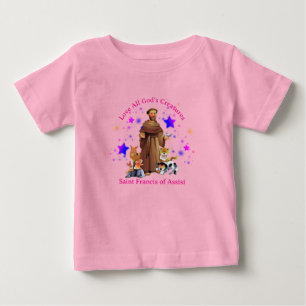 St. Saint Francis of Assisi Catholic girl pink  Baby T-Shirt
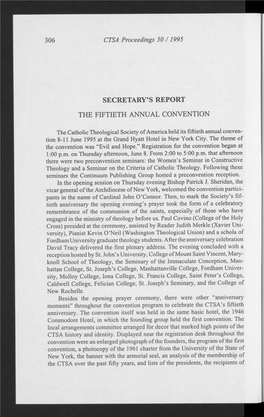 Secretary's Report the Fiftieth Annual Convention
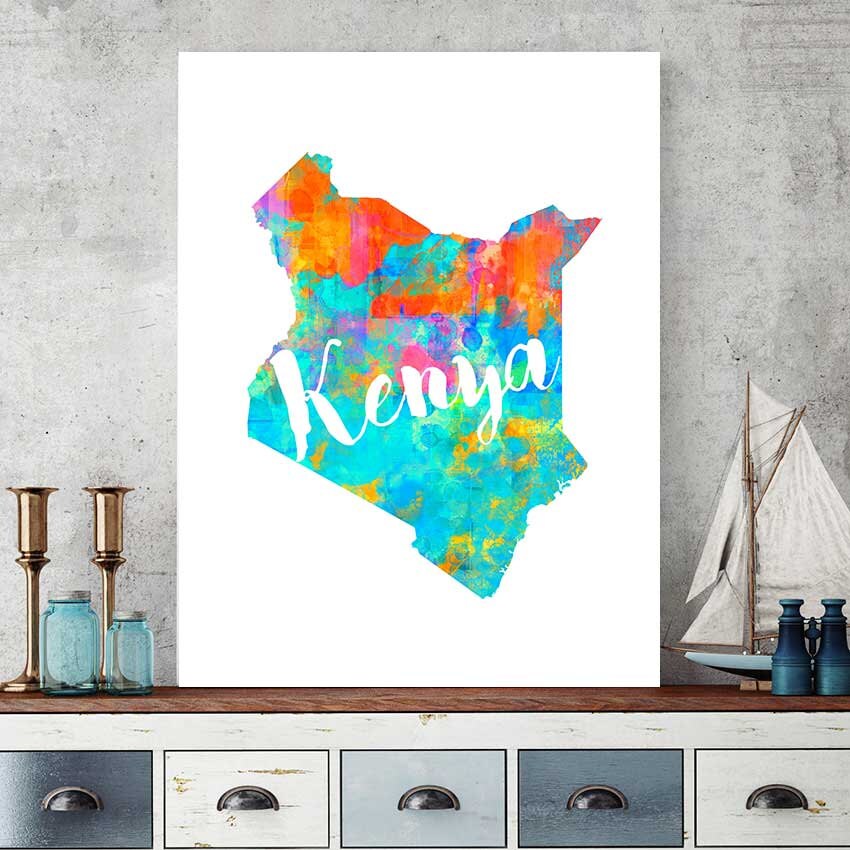  Kenya  Map Kenya  Printable Map Kenya  Wall Art  Decor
============================================================
**YOUR ASSIGNMENT:**
Copy every line of the listing above exactly. Leave each picture out.

**ANSWER BELOW:**
 St. Saint Francis of Assisi Catholic girl pink  Baby T-Shirt
 Secretary's Report the Fiftieth Annual Convention
  Kenya  Map Kenya  Printable Map Kenya  Wall Art  Decor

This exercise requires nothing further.